## Information
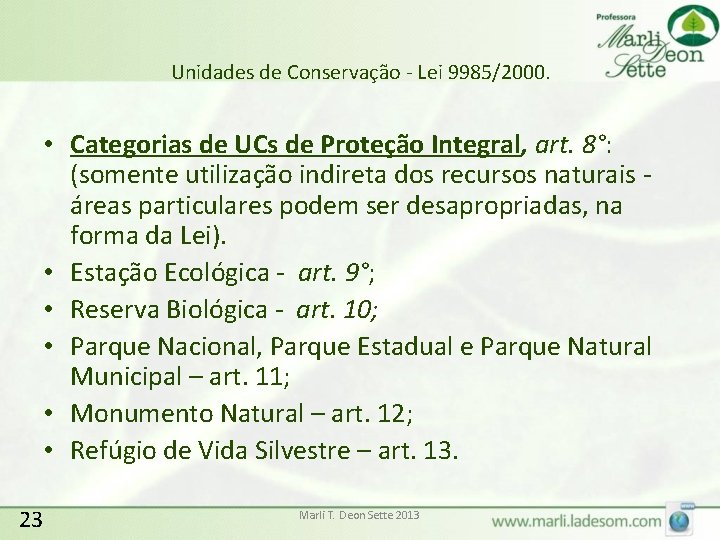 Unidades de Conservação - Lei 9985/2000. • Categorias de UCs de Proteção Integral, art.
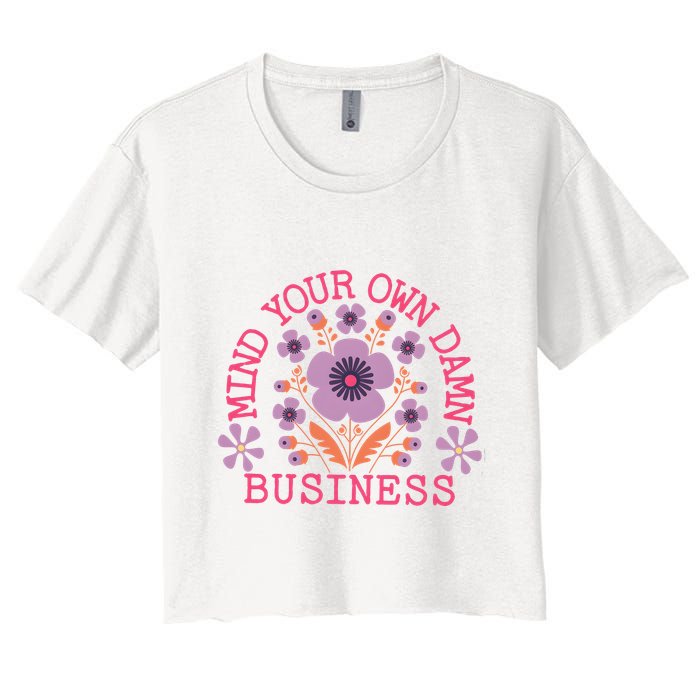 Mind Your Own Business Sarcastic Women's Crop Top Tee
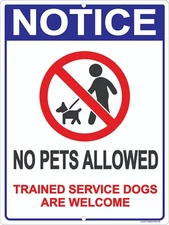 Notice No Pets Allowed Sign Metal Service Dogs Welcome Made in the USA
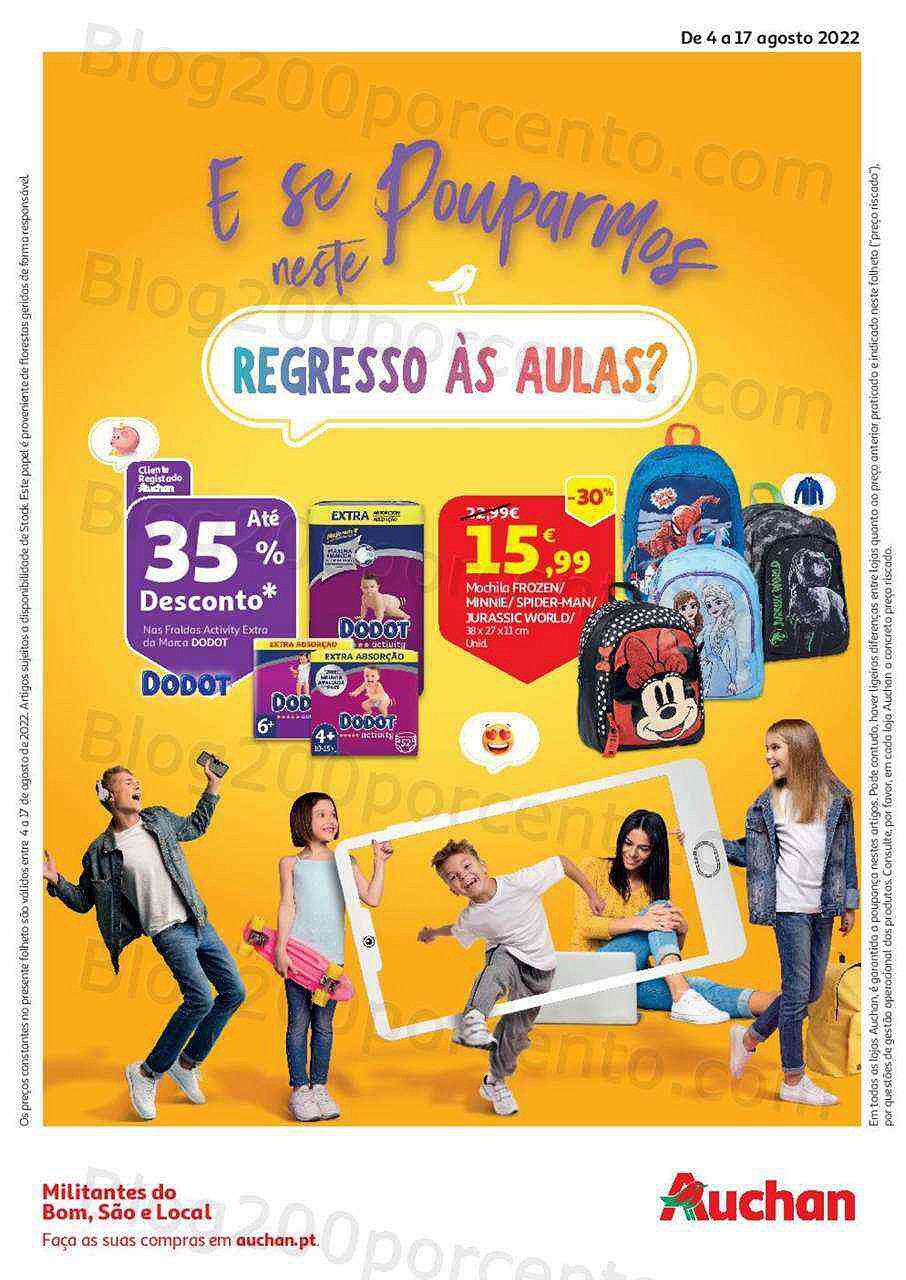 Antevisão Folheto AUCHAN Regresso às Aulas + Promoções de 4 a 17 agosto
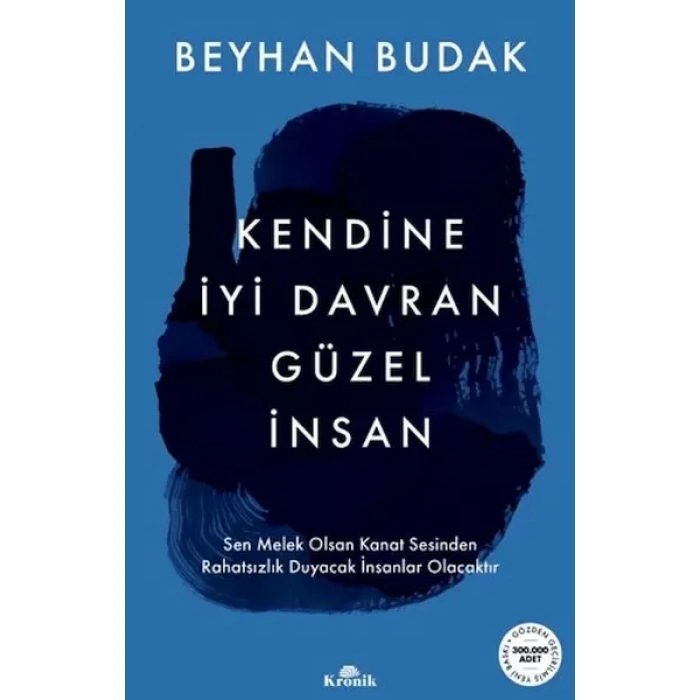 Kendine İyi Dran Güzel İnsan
==
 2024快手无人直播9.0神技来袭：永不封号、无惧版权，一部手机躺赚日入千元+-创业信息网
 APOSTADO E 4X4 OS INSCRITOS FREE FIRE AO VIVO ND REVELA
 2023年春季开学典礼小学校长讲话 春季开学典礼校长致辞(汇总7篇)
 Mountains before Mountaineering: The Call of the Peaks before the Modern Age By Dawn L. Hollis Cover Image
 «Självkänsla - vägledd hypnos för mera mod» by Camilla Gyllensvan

## What to do
From the records above, transcribe without alteration every line from the one with "2023年春季开学典礼小学校长讲话 春季开学典礼校长致辞(汇总7篇)" to the one with "by Camilla Gyllensvan", inclusive.

## Response
 2023年春季开学典礼小学校长讲话 春季开学典礼校长致辞(汇总7篇)
 Mountains before Mountaineering: The Call of the Peaks before the Modern Age By Dawn L. Hollis Cover Image
 «Självkänsla - vägledd hypnos för mera mod» by Camilla Gyllensvan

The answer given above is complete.